### Task instructions
Take the line containing "Magnetic beads, Molecular" and each line after it through the end of the data below, and return them exactly, minus any pictures.

### Stored data
# # # # #
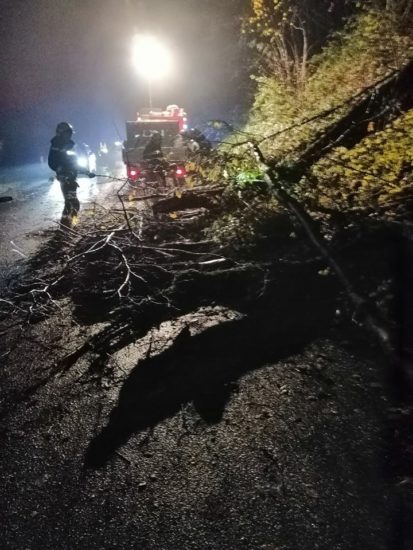 Veter popoldne rušil drevesa in oviral promet, jutri popoldne naj bi bilo še huje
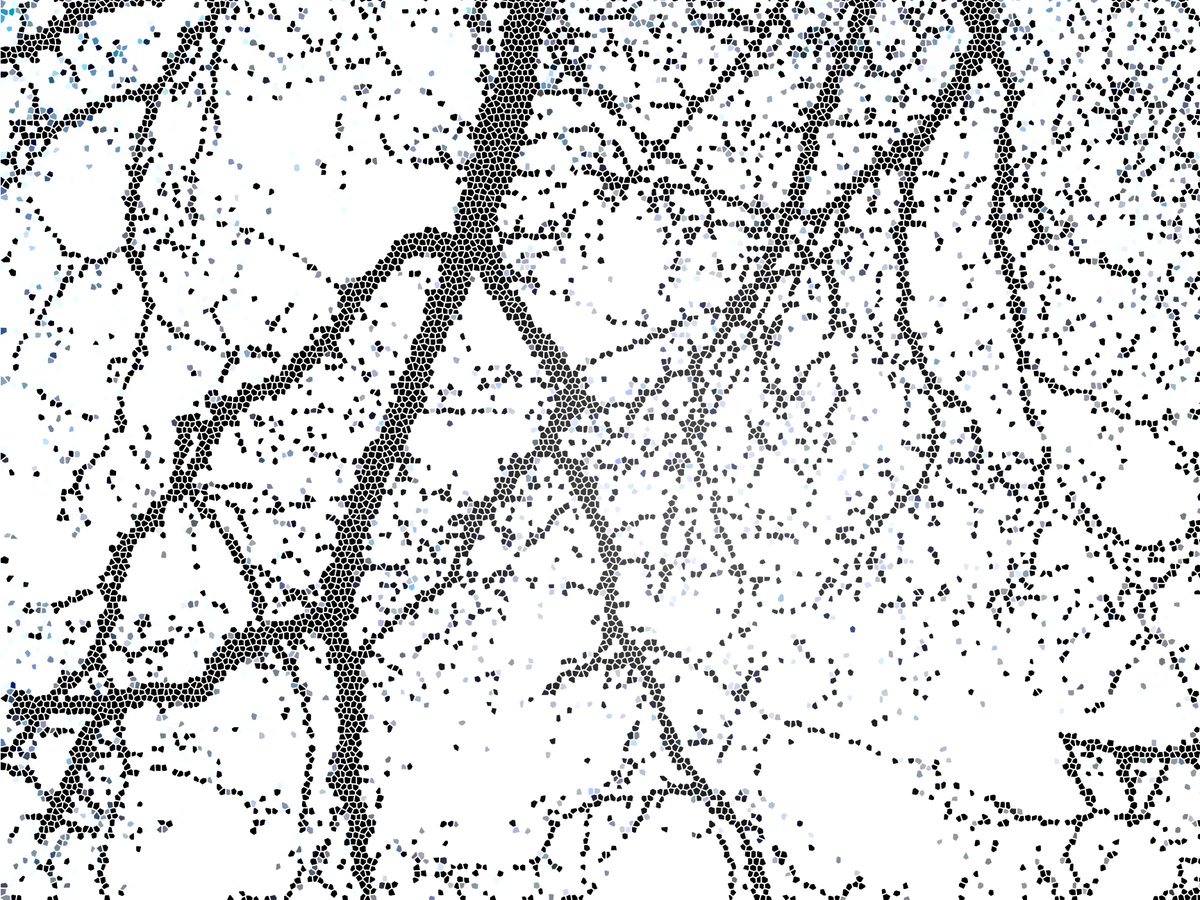 Bocchi_Ric's tweet photo. 📣 Excited to share the first preprint of the lab led by @Alan_zhou_95 🙌 showing that cortical astrocyte heterogeneity originates from two distinct progenitors, with different capacities and coexisting since the beginning of the corticogenesis.

https://t.co/88IETcH0PJ

🧵⬇️
1/6 https://t.co/MKJWvL78yY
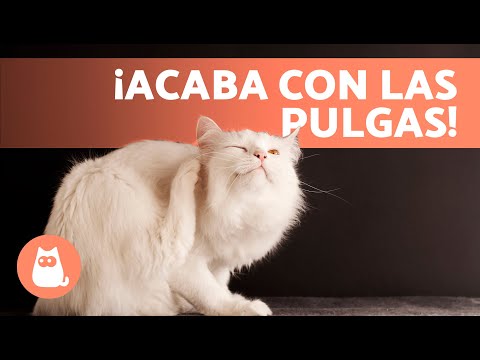 Video: Cómo deshacerse de los gatos: 9 pasos (con imágenes)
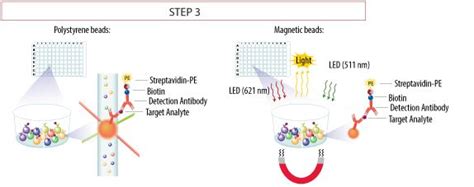 Luminex Assay Principle | Principles, Magnetic beads, Molecular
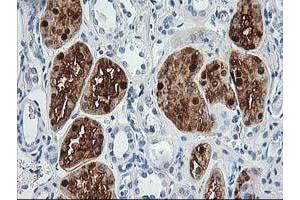 Immunohistochemistry (IHC) image for anti-Aminoacylase 1 (ACY1) antibody (ABIN1496456) (Aminoacylase 1 anticorps)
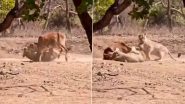 Lion Hunting Viral Video: Lioness Stalks and Hunts Cow As Tourists Watch in Gujarat&rsquo;s Gir Forest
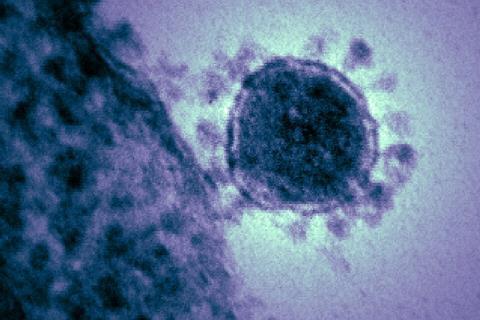 Middle_East_respiratory_syndrome-related_coronavirus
# # # # #
### Answer
 Luminex Assay Principle | Principles, Magnetic beads, Molecular
 Immunohistochemistry (IHC) image for anti-Aminoacylase 1 (ACY1) antibody (ABIN1496456) (Aminoacylase 1 anticorps)
 Lion Hunting Viral Video: Lioness Stalks and Hunts Cow As Tourists Watch in Gujarat&rsquo;s Gir Forest
 Middle_East_respiratory_syndrome-related_coronavirus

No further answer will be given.